In this section, we demonstrate the details of the proposed identification strategy for MCFI forgery. Figure 4 is the block diagram of the proposed approach. Firstly, OF maps are extracted from each frame, and then OFLBP is constructed by computing LBP on OF maps to characterize the subtle change among them. Secondly, the temporal frame difference-weighted histogram of OFLBP (TFD-OFLBP) is calculated by simultaneously considering the variation of pixel domain and OF domain. Thirdly, due to weak local artifact in the video frames with stable content, a set of Local Inter-block and Edge-block Features (LIEF) are proposed to conquer this issue. Finally, a localization classifier is firstly executed with joint extracted TFD-OFLBP and LIEF, then a multi-class classifier is exploited for the identification of various MCFI techniques on the basis of the previous detected interpolation frames with TFD-OFLBP features. In addition, to exclude possible interferences in the form of the sudden lighting change, acute object motion, or focus vibration, and interpolation frames generated in the process of scene change, two auxiliary pre-processing tools, and one post-processing algorithm are integrated to reduce these false detection.

3.1 OFLBP construction

Due to local artifacts of interpolated frames, there exist the irregularity of OF. Here, an existing OF method [4] is used in our work to extract low-level features. The magnitude of OF (MOF) are computed as

$$ MOF(x,y) = \sqrt {{v}_{x}^{2} + {v}_{y}^{2}} $$

(8)

Whereafter, the LBP is calculated for each pixel in the MOF. The LBP descriptor [24, 29] is designed to reflect the correlation between the center pixel and its adjacent pixel. Due to it has effective representation capability of micro-structure, we believe that it can be used to discriminate the subtle difference among MOFs by various MCFIs. By applying the LBP descriptor on the MOF, the OFLBP at each pixel is inferred as

$$ \begin{array}{l} OFLB{P_{N,R}} = \sum\limits_{i = 0}^{N - 1} {\delta({MOF_{i}}} - {MOF_{c}}) \cdot {2^{i}}\\ \delta({MOF_{i}} - {MOF_{c}}) = \left\{ {\begin{array}{*{20}{c}} {1,{MOF_{i}} - {MOF_{c}} \ge 0}\\ {0,{MOF_{i}} - {MOF_{c}} < 0} \end{array}} \right. \end{array} $$

(9)

where N and R are the number of adjacent pixel, and the radius of the neighborhood(Please refer to [29] for details), MOF_c, and MOF_i are the MOF at center pixel and its neighbor.
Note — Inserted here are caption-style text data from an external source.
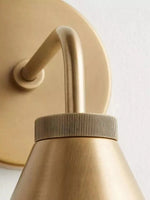 Load image into Gallery viewer, Conique Metal Tapered Sconce Cone Wall Light – Black or Brass Conical Retro Design
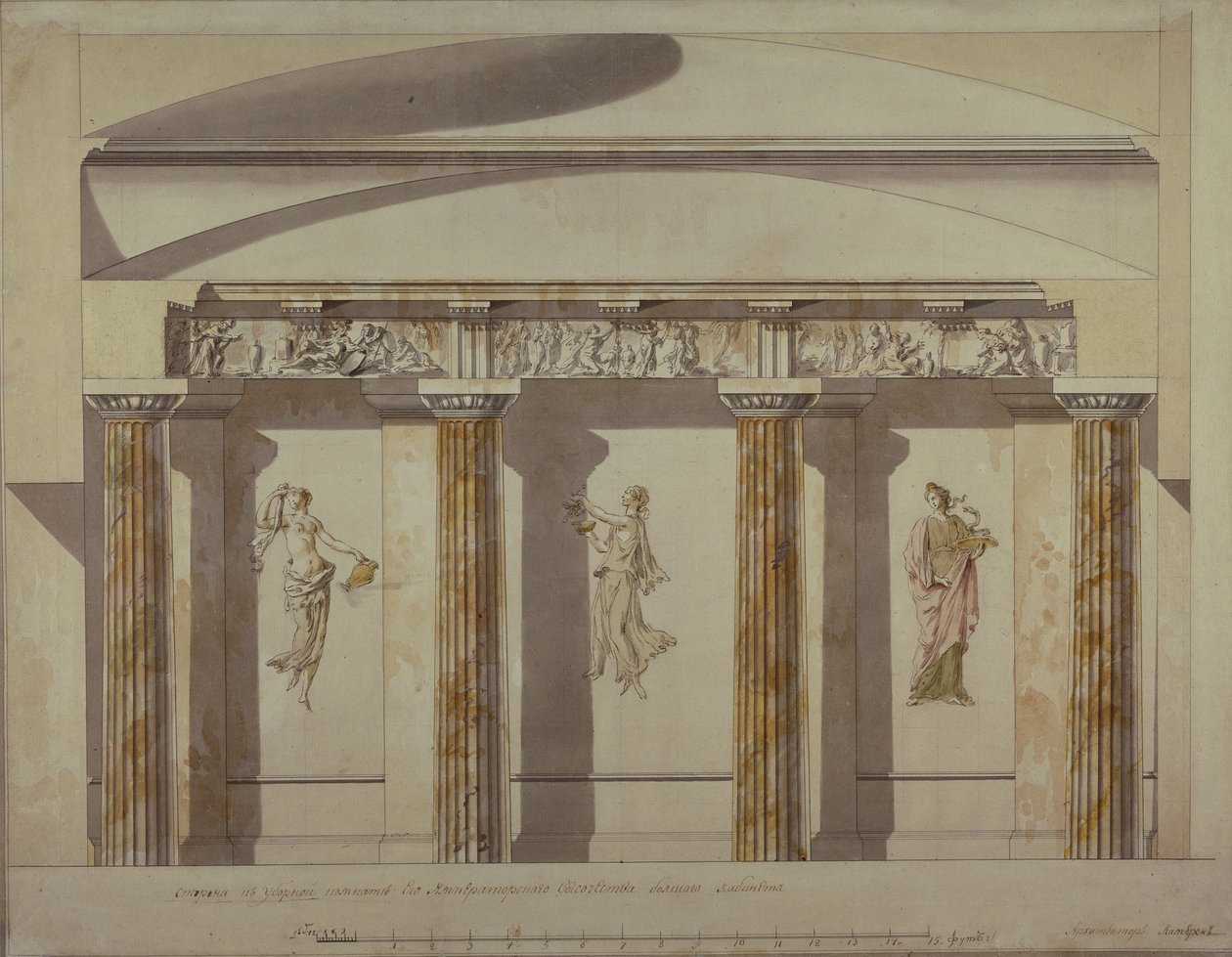 Conception pour le grand cabinet du palais de Pavlovsk, début des années 1780 - Charles Cameron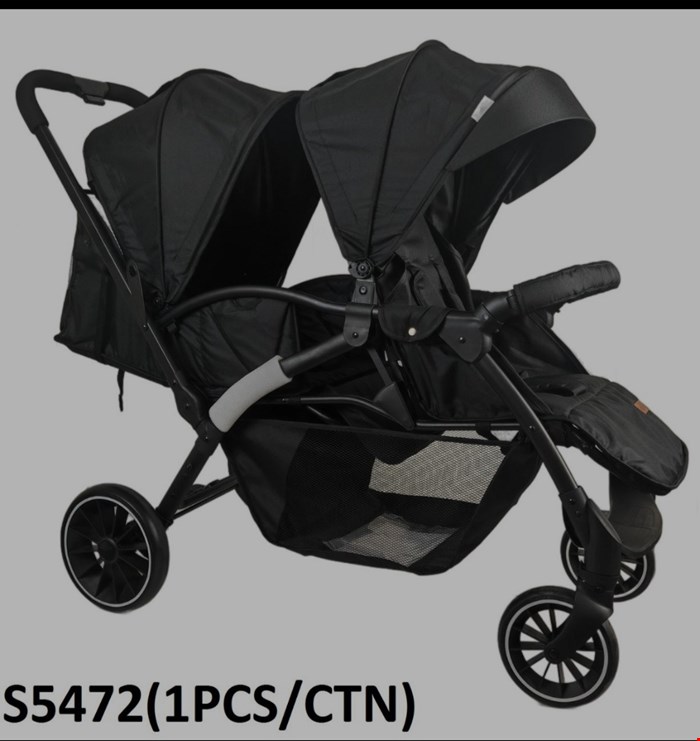 کالسکه دوقلو پشت سرهم کیدیلو kidilo رنگ طوسی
OFLBP represents the inter-MOF relationship in an MOF adjacent pixel, and such micro-structural patterns are effective to capture the subtle difference among MOFs caused by different local artifact from various MCFIs.
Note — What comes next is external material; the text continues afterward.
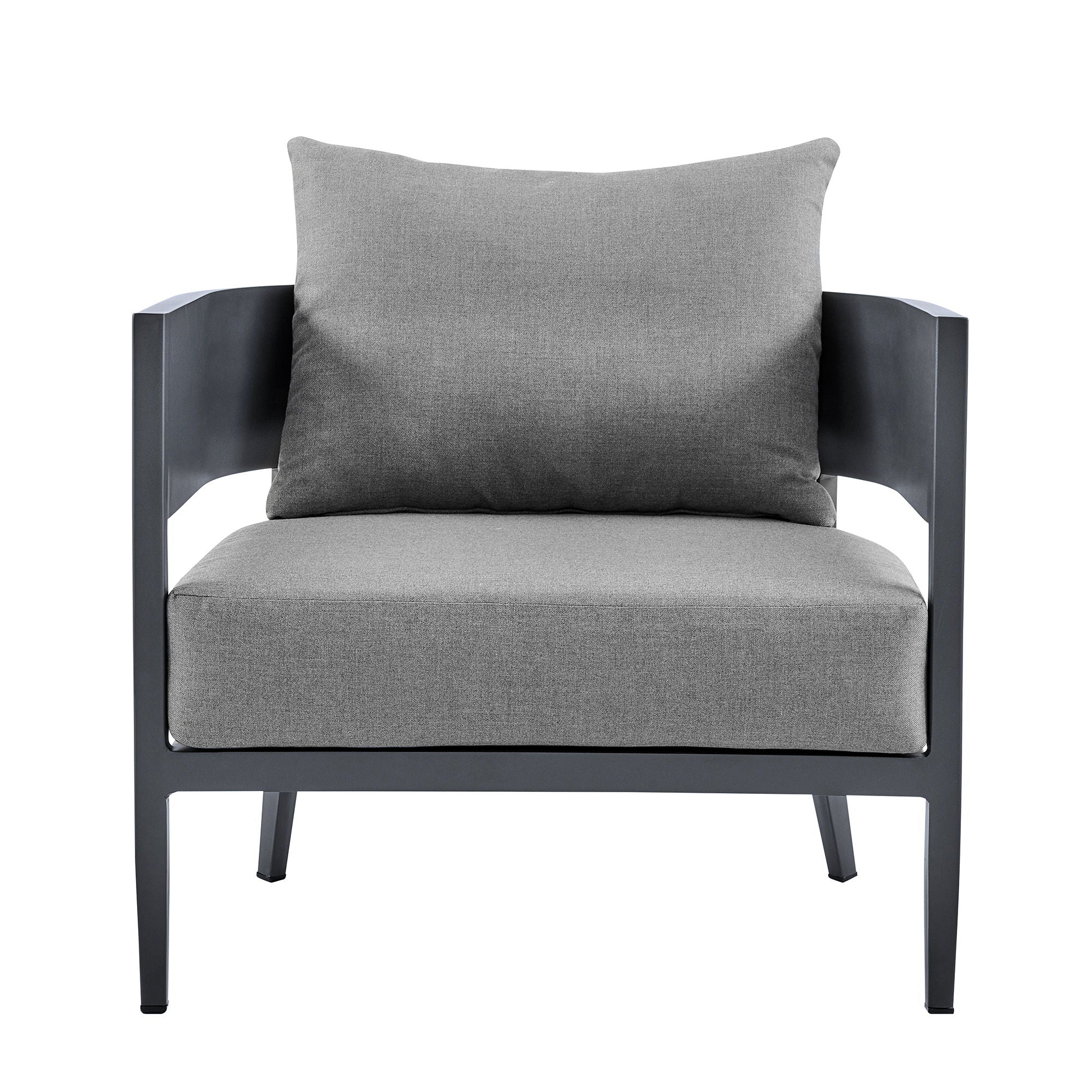 Argiope - 4 Piece Outdoor Aluminum & Fabric Outdoor Conversation Set - Dark Gray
Figure 5 shows five 8 × 8 blocks, for which we enlarge 4 times for convenient observation, extracted from the head area of the second player from the right in Fig. 2a-e, and theirs corresponding MOFs, and OFLBPs. It is observed that although various MCFIs change the pixel values to different degree, the discrepancy among the MOFs of various MCFIs, especially for MVTools, DSME, and MCMP, do exist but they are not obvious. As a results, different irregularity of OF change the OFLBP patterns in their own characteristic ways, making it an effective measure to discriminate the adopted MCFIs.

3.2 Temporal frame difference-weighted OFLBP histogram

OFLBP only consider the irregularity of OF, and excludes the change of pixel value in local artifact regions. However, the change of pixel value by various MCFIs is beneficial to identify the adopted MCFIs, which is verified in method [10]. To effectively capture the difference from pixel domain, we proposed to fuse these discrepancy of local artifact into a single representation. We propose to accumulate the values of temporal frame difference with same OFLBP pattern, which can be treated as temporal frame difference-weighted OFLBP histogram, the calculated process is described as.
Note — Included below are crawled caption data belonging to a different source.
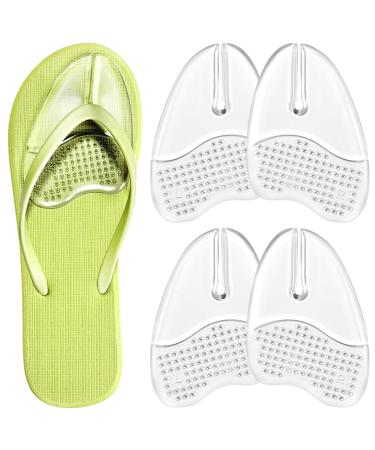 Gel Metatarsal Pads for Flip-Flops Ball of Foot Cushions Insoles for Thong Sandal Forefoot Cushion Relieve Forefoot Pain for Women and Man - 2 Pairs (Clear) Clear - 2 Pair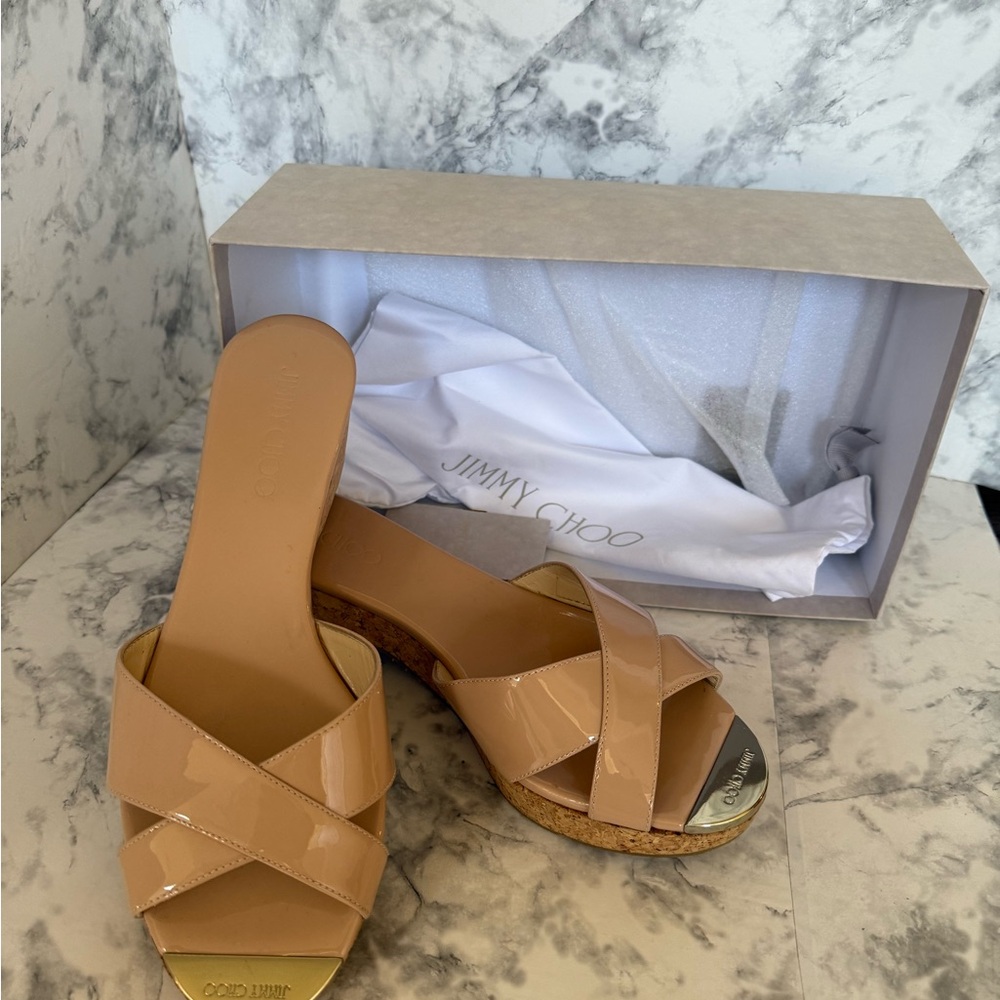 Jimmy Choo Nude Patent Wedge Sandals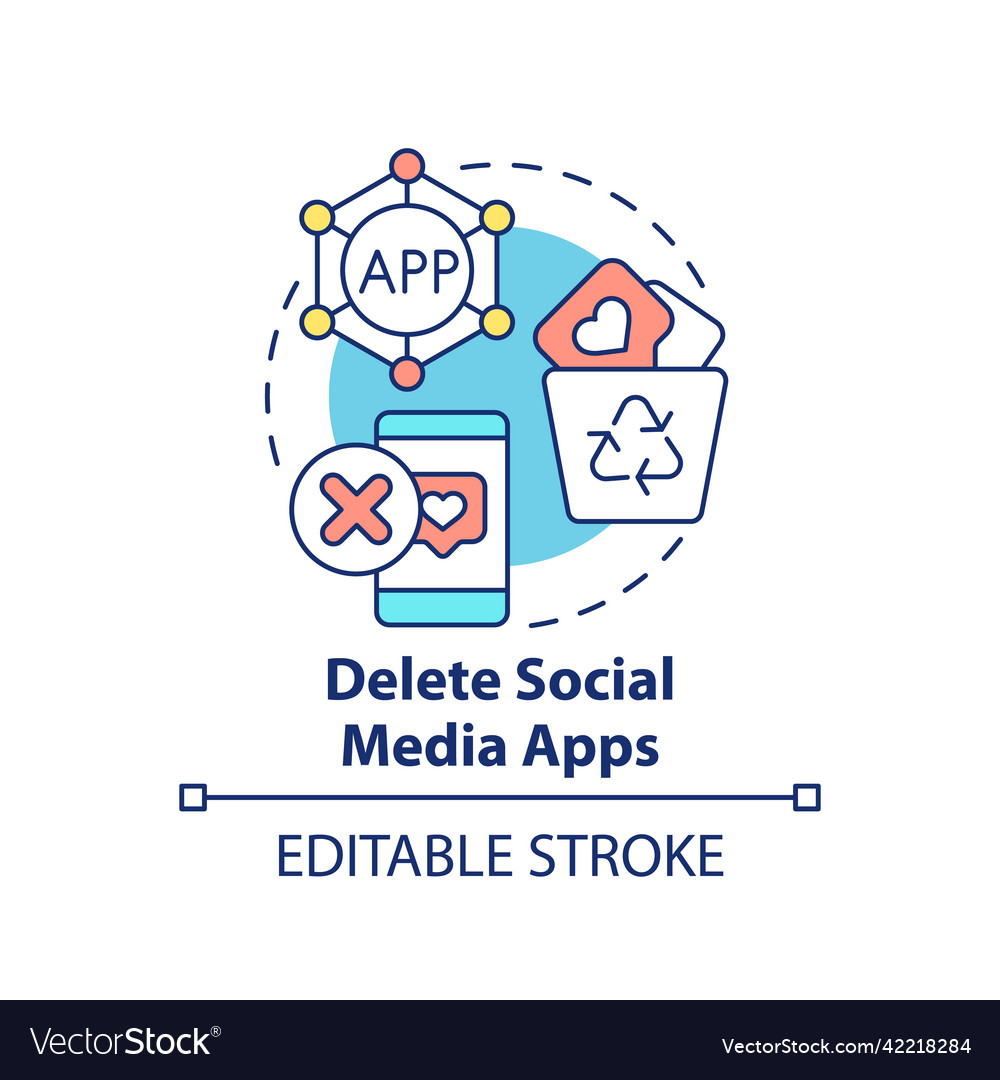 Delete social media apps concept icon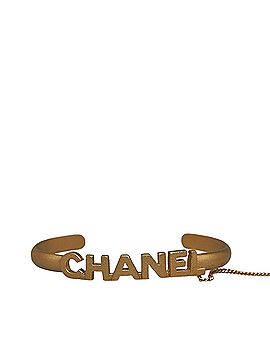 Chanel Logo Bangle with Chain Attached CC Crystal Ring (view 1)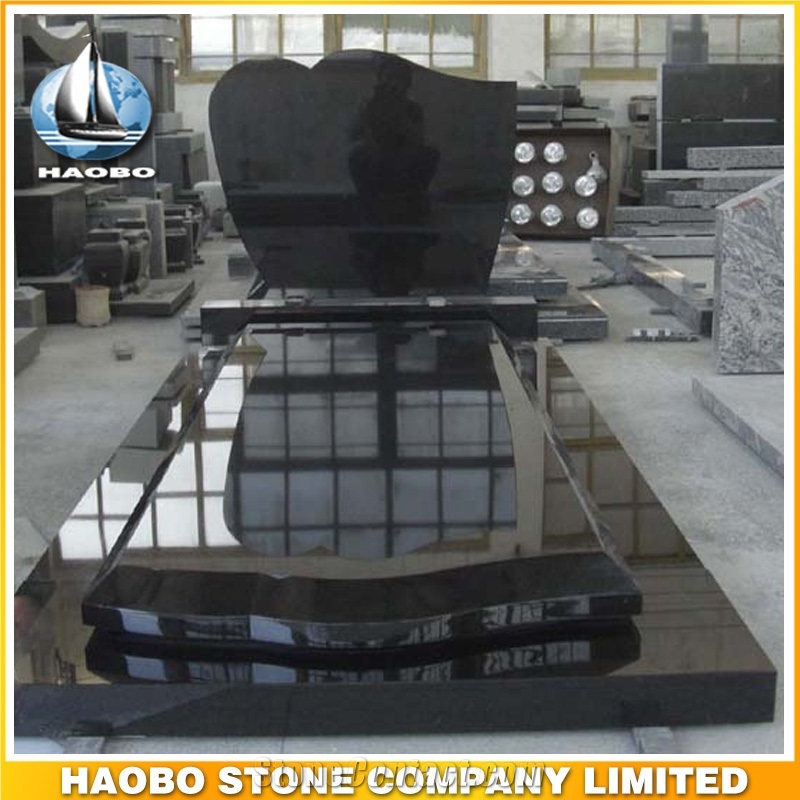 Polished Natural Stone Quarry Manufactory Black Noir Granite Western Style Monuments Heart Tombstones,Gravestone,Single or Double Headstone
$$ \begin{array}{l} {\varphi_{t}}(x,y) = \frac{1}{2} [({f_{t}}(x, y) - {f_{t-1}}(x, y))\\ + ({f_{t}}(x, y) - {f_{t+1}}(x, y))] \end{array} $$

(10)

$$ \begin{array}{l} {h_{oflbp}}(\vartheta ) = \sum\limits_{i = 1}^{W} \sum\limits_{j = 1}^{H} {{\varphi_{t}(i,j)}} \cdot \delta(OFLB{P_{N,R}}(i,j),\vartheta )\\ \delta (\alpha ,\beta ) = \left\{ {\begin{array}{*{20}{c}} {1,\alpha = \beta }\\ {0, otherwise} \end{array}} \right. \end{array} $$

(11)

where W and H denotes the width and the height of a video frame, 𝜗 ∈ [0, K] is the possible OFLBP patterns, φ_t is the weight assigned to the OFLBP pattern, α and β are the OFLBP pattern. Here, we use the temporal frame difference calculated by (10) to embody the discrepancy among motion regions by various MCFIs as the OFLBP weight of each pixel. In this way we highlight the irregularity of OF, and also take into account the change from pixel domain. During experiments, for OFLBP, the N and R are respectively set as 8 and 1. Thus, the extracted features are 256 dimensions. Fig. 6a-e show the average histograms from some original frames, and corresponding interpolated frames by MSU, MVTools, DSME, and MCMP, respectively. From it, we can infer that the TFD-OFLBP have more strong discriminative power by fusing OF domain, and pixel domain.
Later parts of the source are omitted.